2. obtain the summary Statistics for the original variable and the standardized variable including the following items.
a. Mean
b. Standard deviation
c. Minimum
d. Maximum
e. Number of observations
f. Median
g. Skewness
h. Kurtosis
i. Histogram
3. Standardize the variable days on the market and filter your data to remove the observations that are not within ±1.96 standard deviations of the mean. Do not include the standardized variable in your new data set.
4. Obtain the summary statistics for days on the market from the filtered data set.
5. Standardize your original variable in your filtered data sets.
6. Complete a Distribution Analysis for the standardized variables.
a. extreme values (specify n = 10)
Analysis Tasks
1. Provide the table including the summary statistics for days on the market and the standardized value for days on the market.

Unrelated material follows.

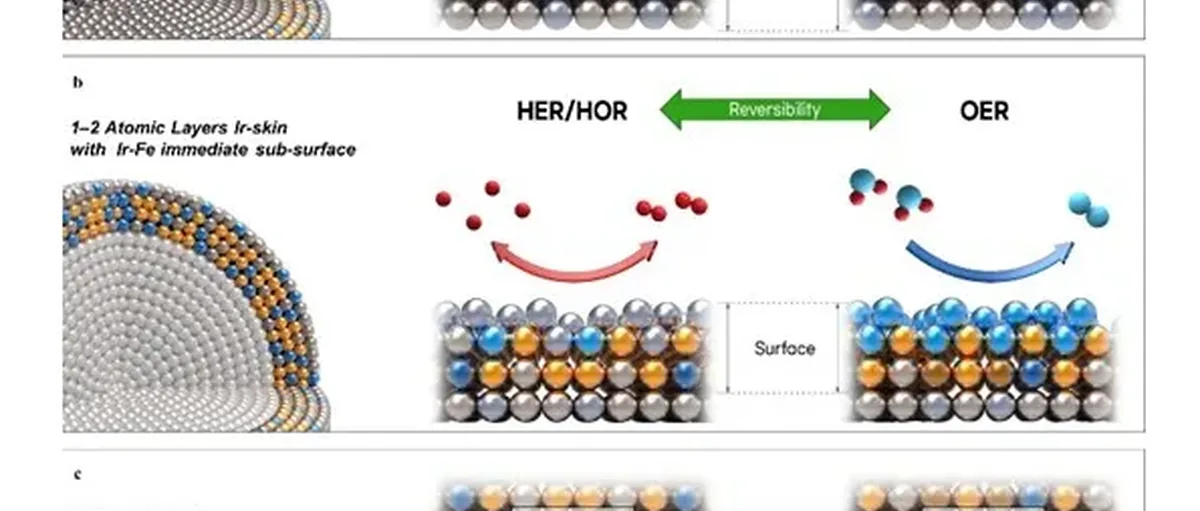 攻克氢能核心痛点,"可自我修复"氢能催化剂诞生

2. What do you notice when you compare the skewness and kurtosis of the original variables to the skewness and kurtosis of the standardized variables? Why do you think this happens?
3. Provide a histogram of the days on the market for homes in the last year.
4. Provide the table including the summary statistics for days on the market with the observations outside of ±1.96 standard deviations of the mean removed.
5. What happened to the skewness once the extreme values were removed?
6. Provide the histogram of the number of days homes were on the market in the last year with the observations outside of ±1.96 standard deviations of the mean removed.
7. In a normal distribution, 95% of observations ±1.96 standard deviations of the mean. For this data set, what percentage of the original observations were retained after the observations outside of this range were removed?